--- Exercise goal ---
Print, exactly as they stand, the lines below from the one that has "Bertrand.pt - D." to the one that has "Stay Golden - Bumper Sticker", inclusive, leaving out the pictures.

--- Provided information ---
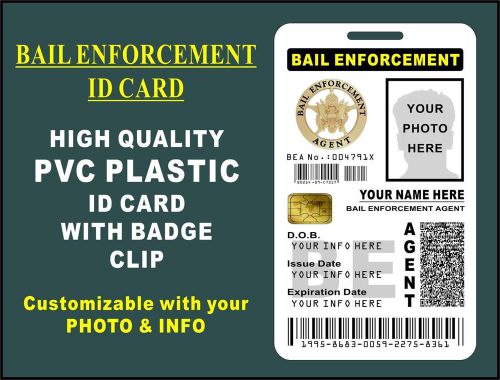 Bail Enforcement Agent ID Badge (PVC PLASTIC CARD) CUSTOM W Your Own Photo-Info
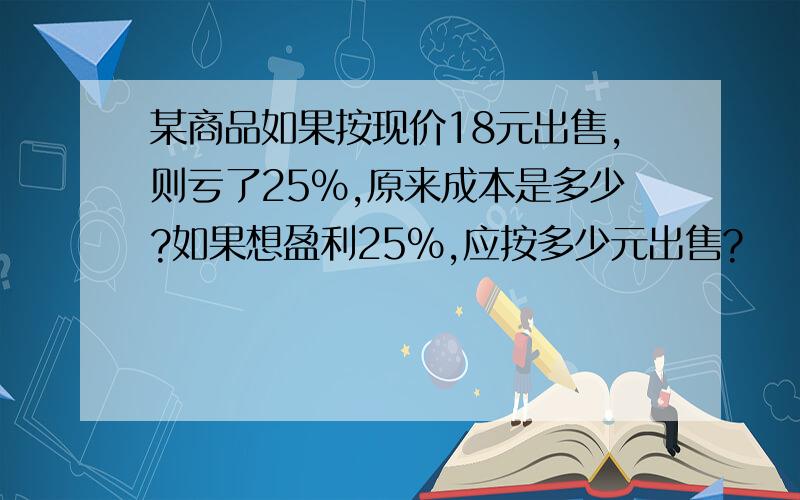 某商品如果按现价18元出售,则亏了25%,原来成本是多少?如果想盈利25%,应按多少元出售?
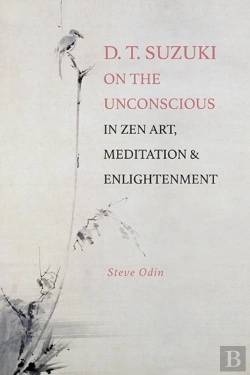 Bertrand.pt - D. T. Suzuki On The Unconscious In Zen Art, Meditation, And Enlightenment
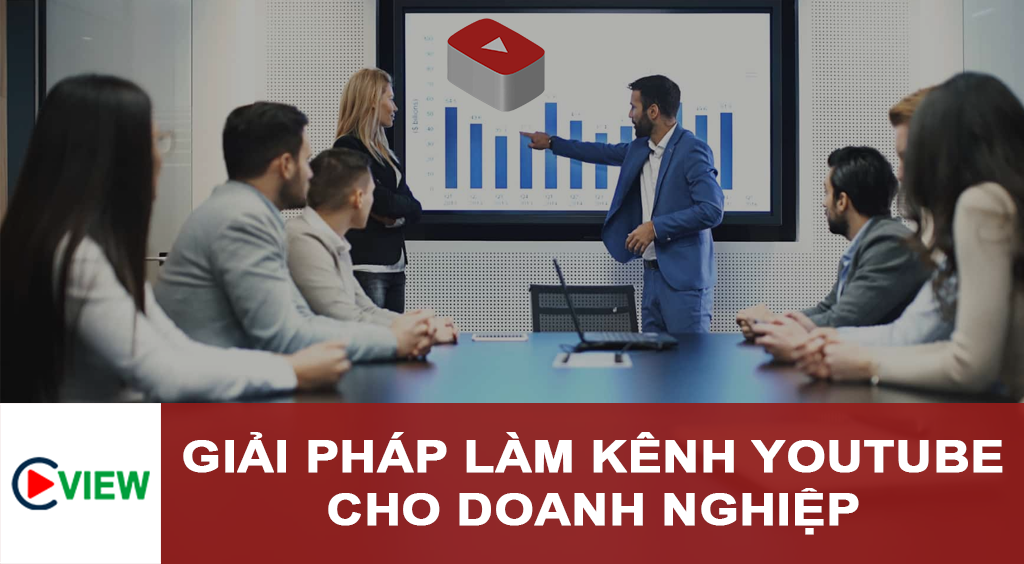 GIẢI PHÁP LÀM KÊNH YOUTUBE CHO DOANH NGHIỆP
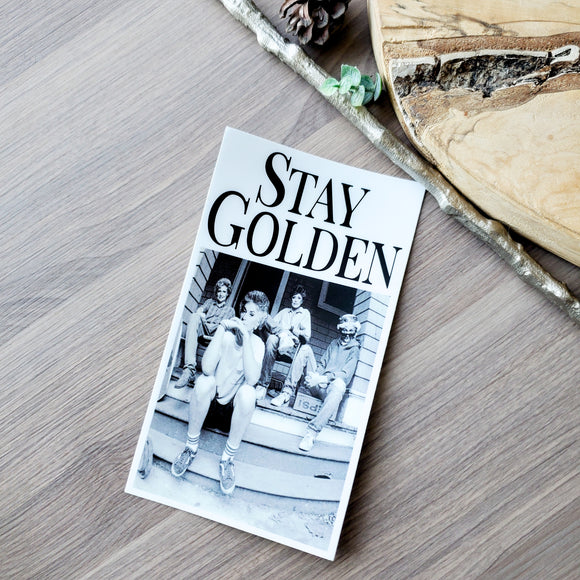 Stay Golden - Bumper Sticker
* * *
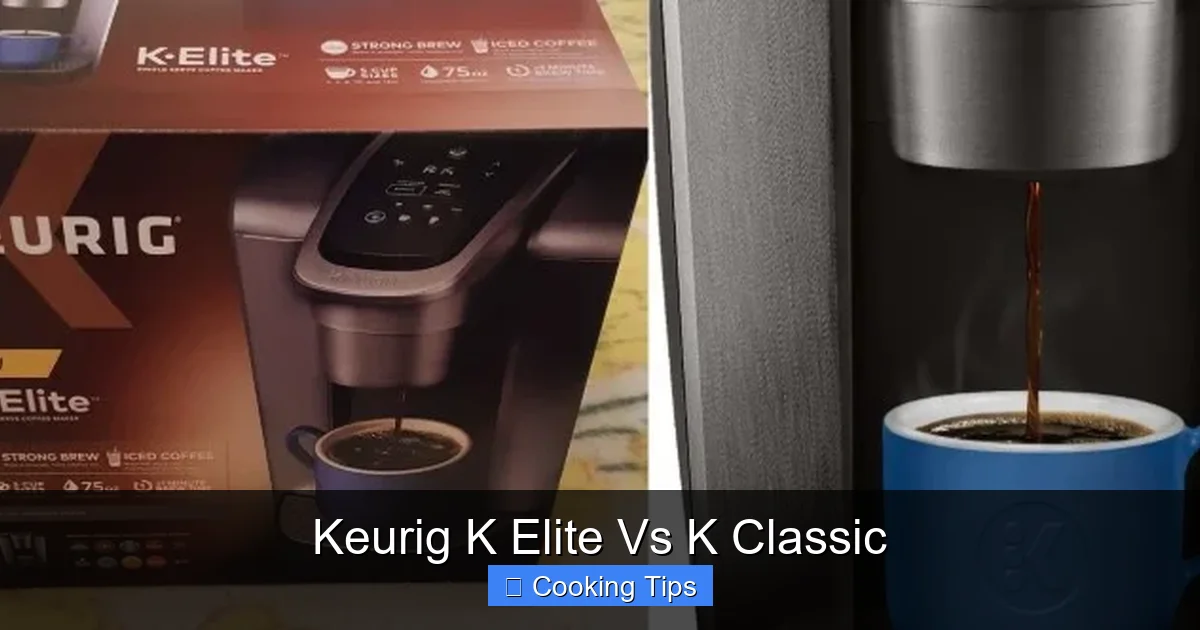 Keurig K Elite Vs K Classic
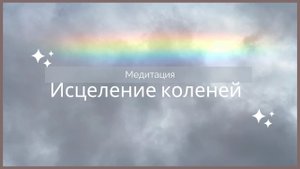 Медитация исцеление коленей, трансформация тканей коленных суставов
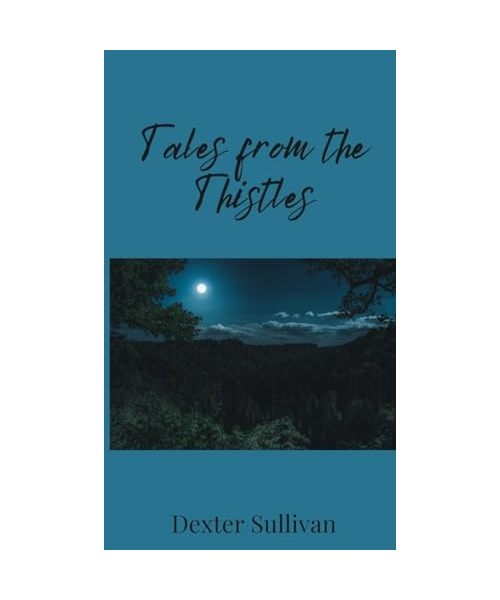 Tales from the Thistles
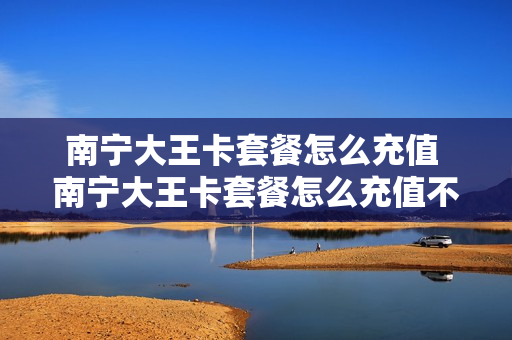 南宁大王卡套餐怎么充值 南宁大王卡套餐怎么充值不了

--- Output for this task ---
 Bertrand.pt - D. T. Suzuki On The Unconscious In Zen Art, Meditation, And Enlightenment
 GIẢI PHÁP LÀM KÊNH YOUTUBE CHO DOANH NGHIỆP
 Stay Golden - Bumper Sticker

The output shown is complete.